When my father died, I was eight years old, the third of four children.  Mother repeatedly made it clear that if we wanted to go to college like our parents—and we must—we would have to study hard to obtain scholarships.  The notion became so ingrained that I grew up presuming excellent grades and college were the ultimate goals in life.  Mother’s admonishments worked: All four of us attended Ivy League or Seven Sisters schools.

That was in the middle of the 20th century.  Though college was considered very expensive, it was still within the reach of middle-class families.  In the late 50’s my annual comprehensive fee was around $5,000.  A couple who didn’t need to pay rent could have lived on that sum for a year.

By the time our daughter was ready to attend college in 1984, 26 years after I did, the sticker price at the same college had risen to about $18,000.  Yet, at that time, if both parents were working, it was still feasible to send their offspring to college without financial aid.  I spent eight months of my teacher’s salary for my daughter’s senior year.

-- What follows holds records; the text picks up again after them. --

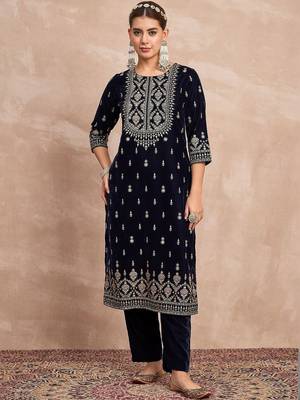 Women Paisley Printed Regular Velvet Kurta with Trousers 1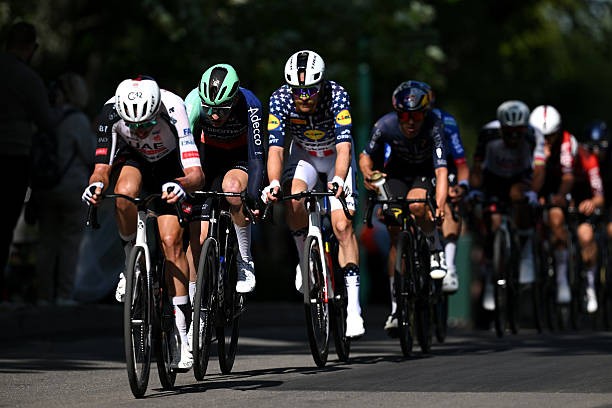 girodociclismo.com.br paul seixas estara melhor mas remco evenepoel segue favorito decathlon analisa classica canadense com cautela image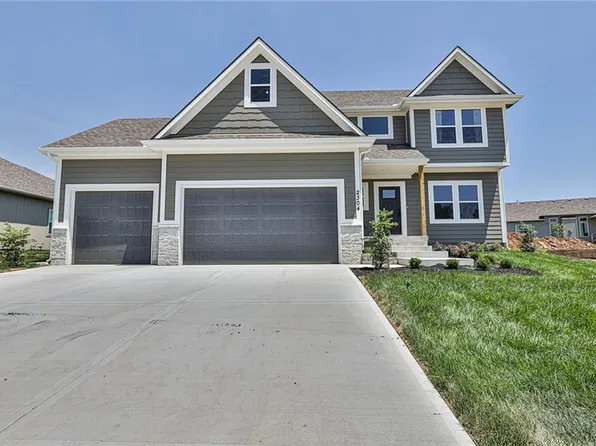 2304 NE Andromada Ct, Blue Springs, MO 64029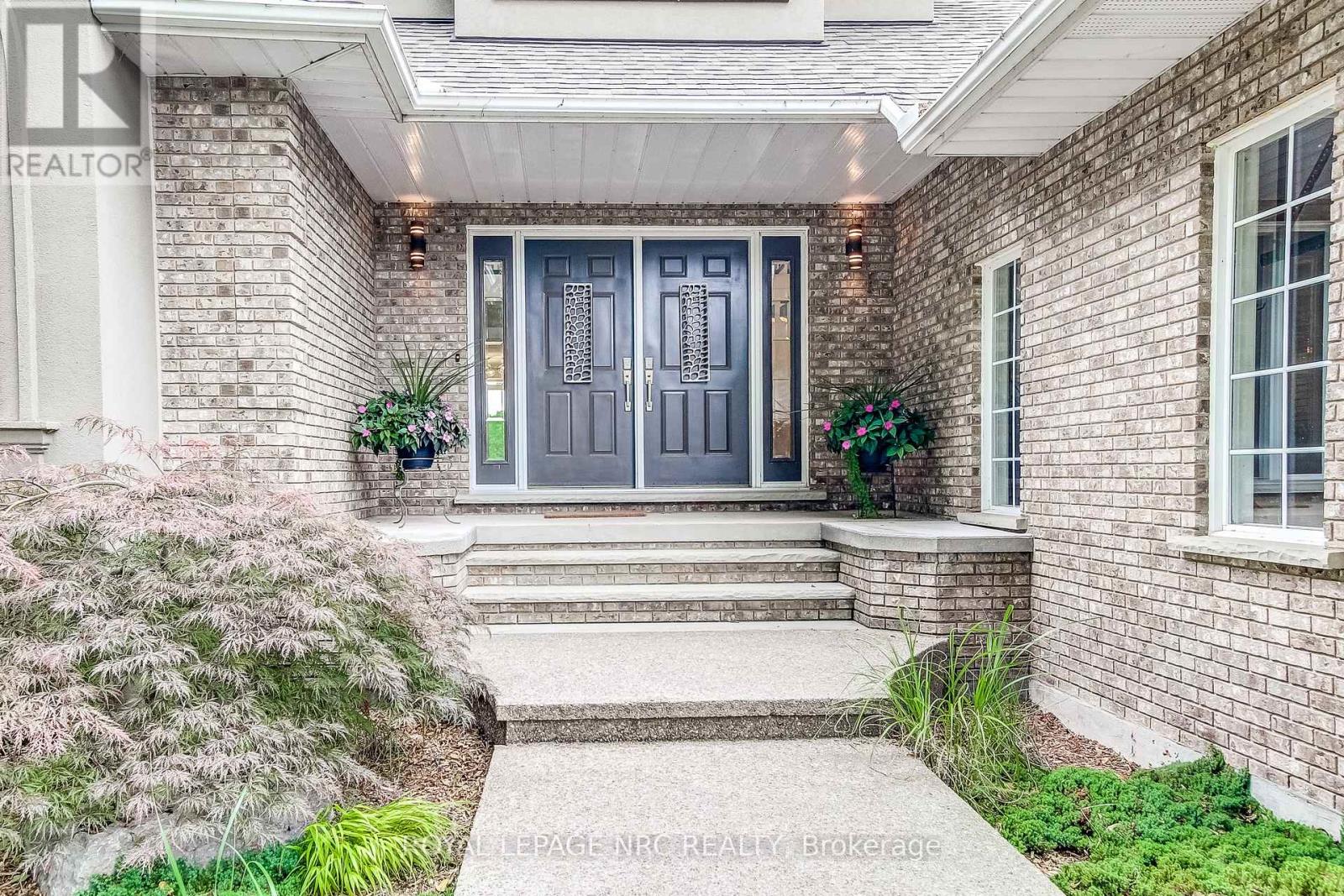 645 Clarence Street, Port Colborne (Sugarloaf), Ontario  L3K 6B8 - Photo 2 - X12355194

Since the 80’s, however, things have changed.  Tuition has bounded ahead of inflation—skyrocketing an average of 500 percent, according to Time—although salaries have not kept pace.  The comprehensive fee at Smith College, for instance, continues to rise annually: $61,806 for 2014-15, an increase of $2,250 over the preceding school year.  Yet Smith estimates only five percent of American families can afford these fees.  As a result, today 65 percent of Smith’s students receive financial aid.  Other private residential institutions charge similar fees and thus feel obligated to offer similar amounts of aid.  An unintentional result of these rising costs that I have observed at Smith College is a polarization of the student body: the haves on one side, the have-nots on the other, with very little middle class in the center.  And among private colleges, Smith is no exception.

Assuming there remain in such colleges a few middle- and upper-middle-class students who still pay the full amount, how do they manage?  With great difficulty.  A single mother will even go so far as to mortgage her home, her only possession.  Often parents need the aid, but refrain from requesting it in order to better the chances of their son or daughter being admitted.  And often only one of the siblings can be offered such a luxurious education.  The others have to attend community colleges or their state university.  Nowadays, they are even starting to seek courses online.  Many students, as today’s media remind us, take out loans that take years to pay back, thus postponing marriage indefinitely, particularly when they must borrow for graduate school as well.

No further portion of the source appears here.